## Aim of the exercise
From the first line of the listing to the last, set down everything exactly, but skip the images.

# # # # # # #

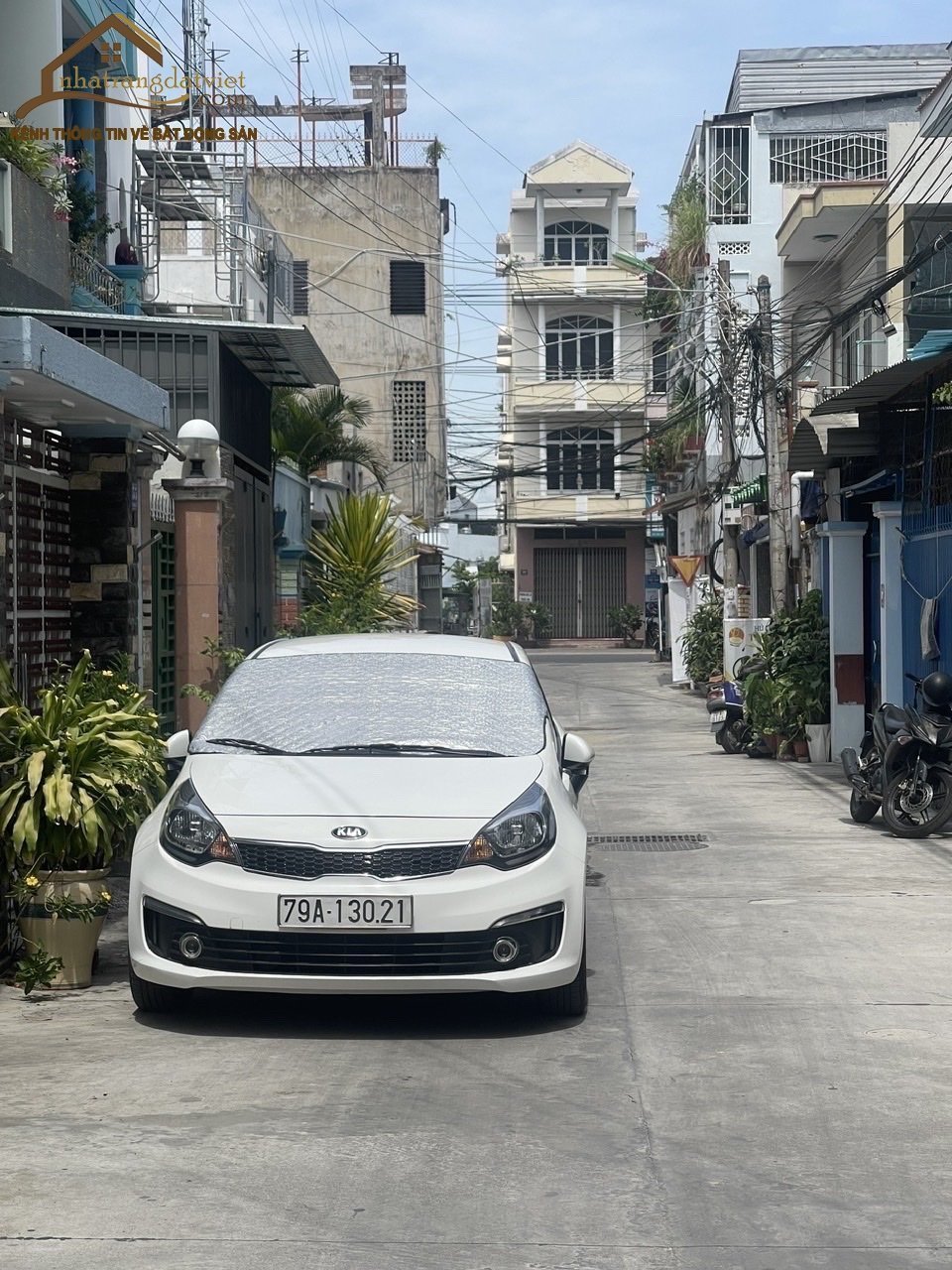 BÁN CĂN NHÀ RIÊNG ĐƯỜNG SỐ 3 QUỐC TUẤN GẦN KHU CHỢ LẠC LONG QUÂN.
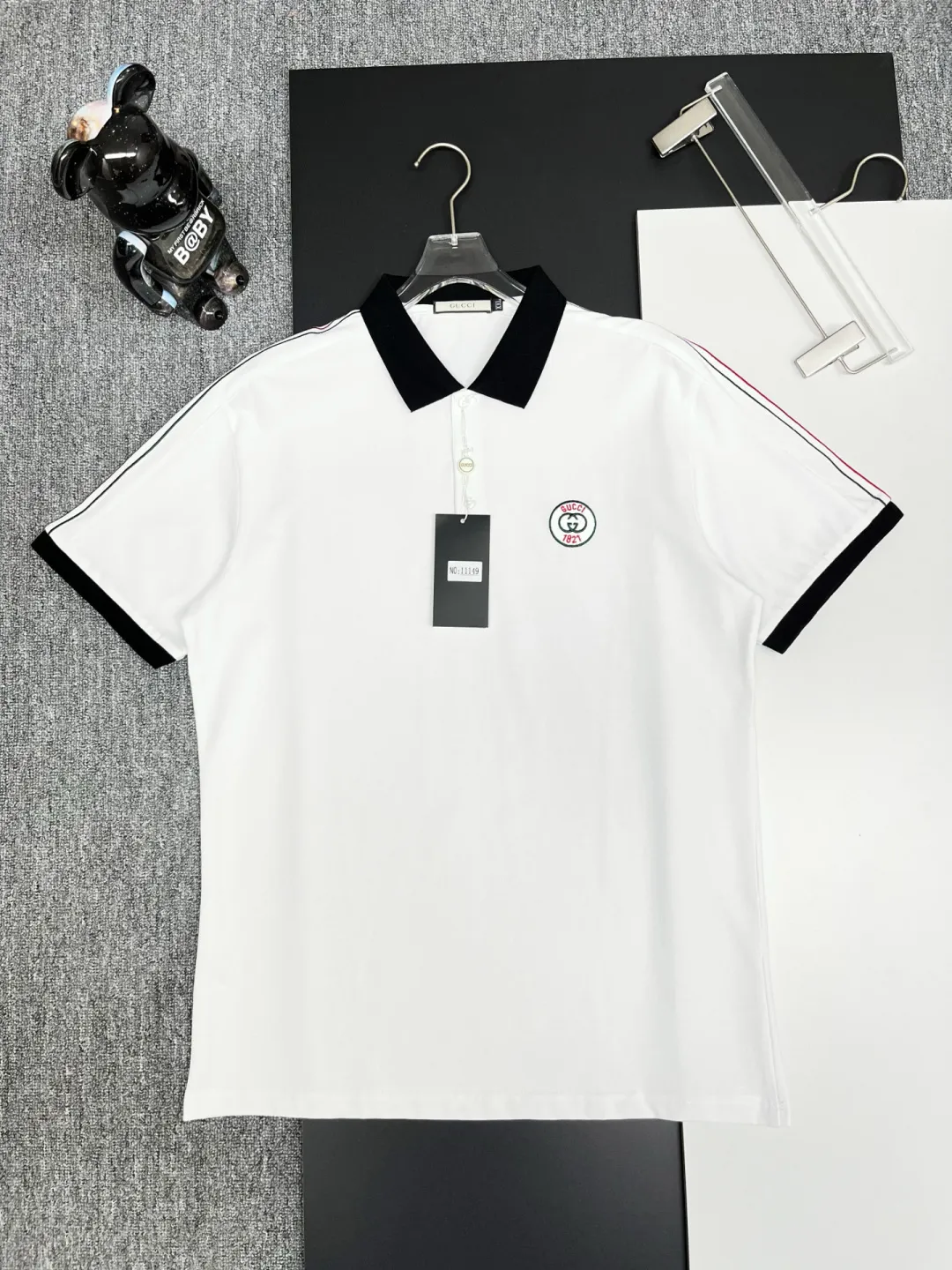 Contrast Collar Logo Patch Polo Shirt D11018884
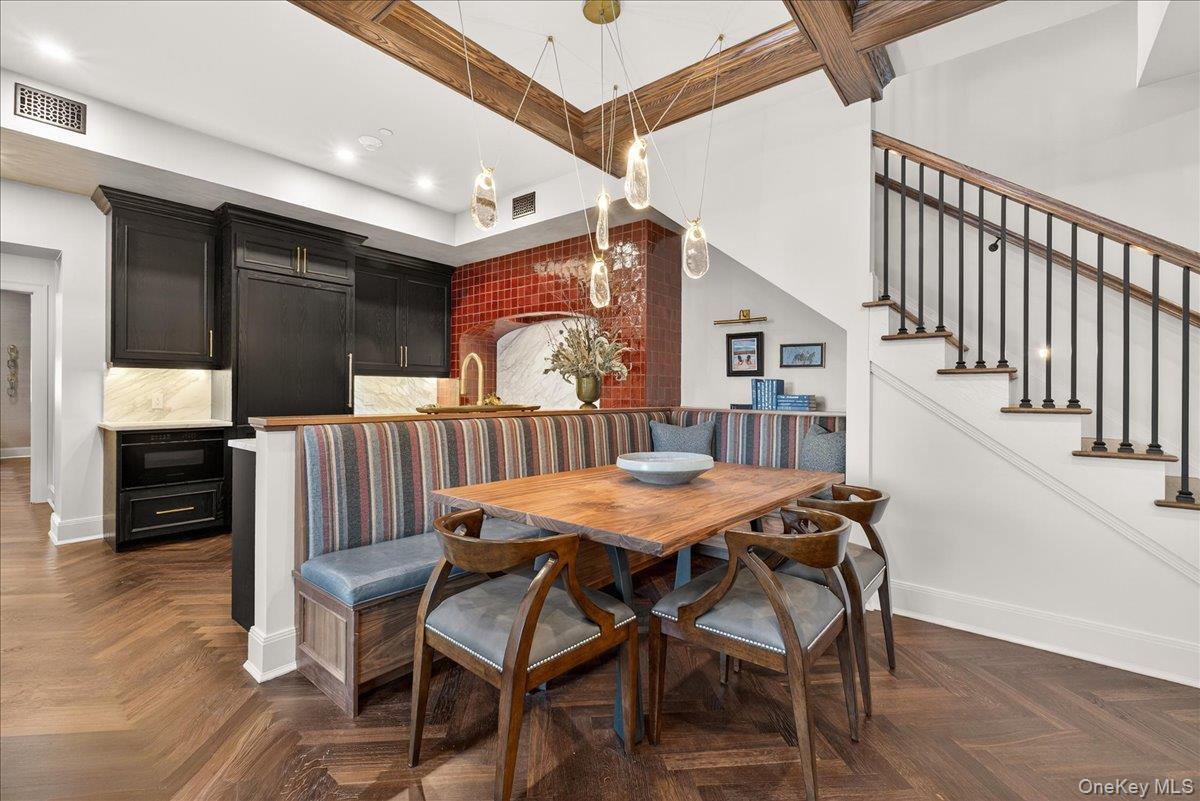 Condo Regent  Out Of Area, NY 12866, MLS-937773-11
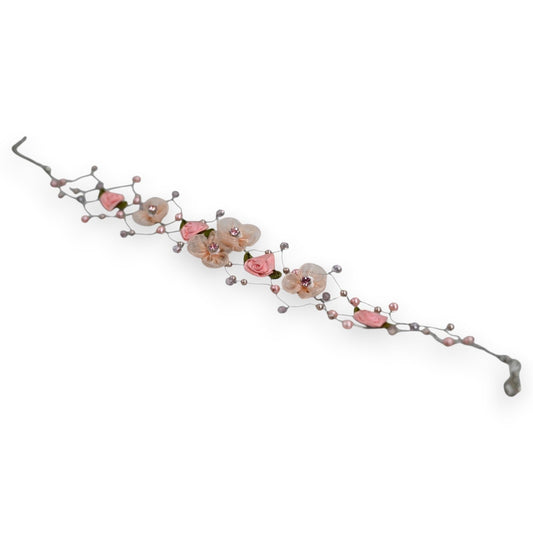 Eleganter Blumen-Choker mit rosa Blüten und silbernen Perlen auf feinem Draht, romantischer Halsschmuck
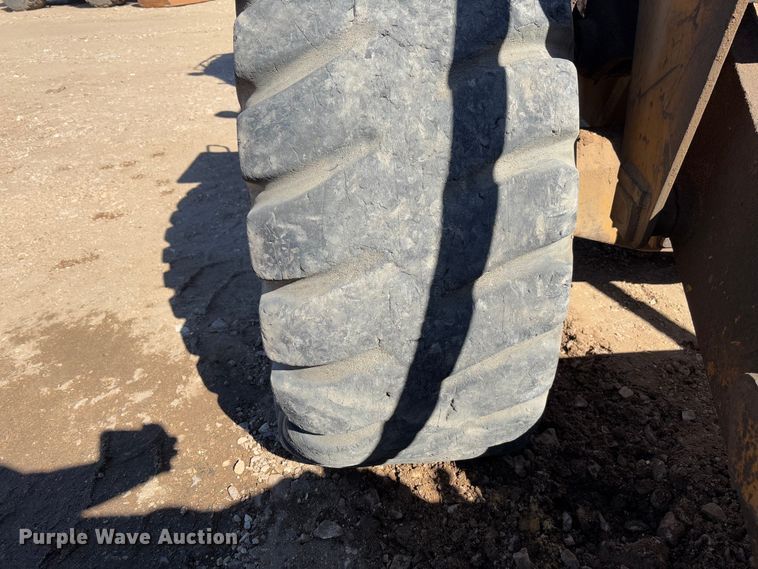 image for item FB3143 1982 Fiat Allis FR15 wheel loader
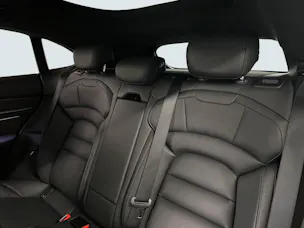 Porsche Taycan Turbo S Cross Turismo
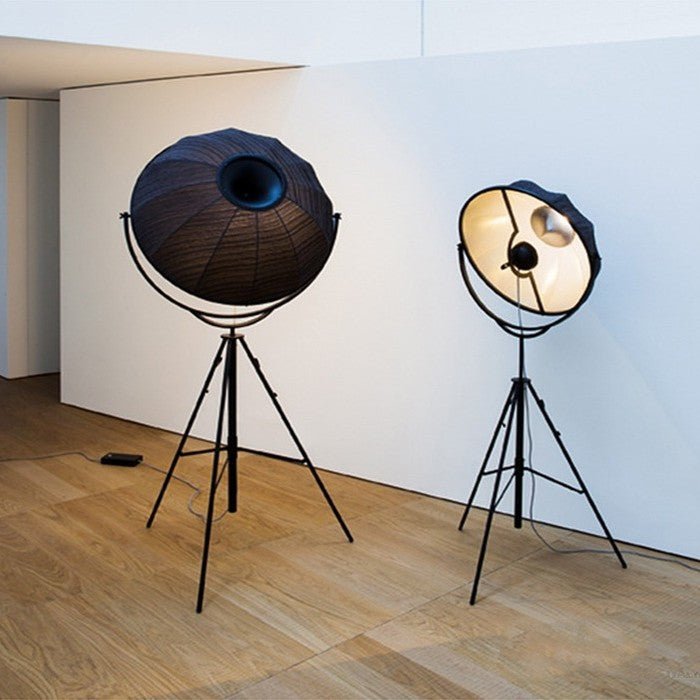 Modern adjustable floor lamp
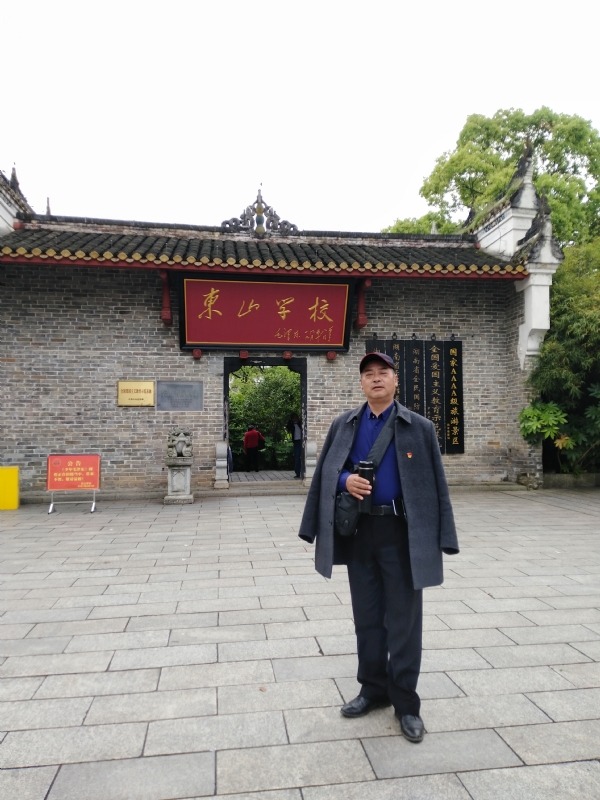 孤独的老帅的第二张照片--建宁相亲网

# # # # # # #

## Solution to the problem
 BÁN CĂN NHÀ RIÊNG ĐƯỜNG SỐ 3 QUỐC TUẤN GẦN KHU CHỢ LẠC LONG QUÂN.
 Contrast Collar Logo Patch Polo Shirt D11018884
 Condo Regent  Out Of Area, NY 12866, MLS-937773-11
 Eleganter Blumen-Choker mit rosa Blüten und silbernen Perlen auf feinem Draht, romantischer Halsschmuck
 image for item FB3143 1982 Fiat Allis FR15 wheel loader
 Porsche Taycan Turbo S Cross Turismo
 Modern adjustable floor lamp
 孤独的老帅的第二张照片--建宁相亲网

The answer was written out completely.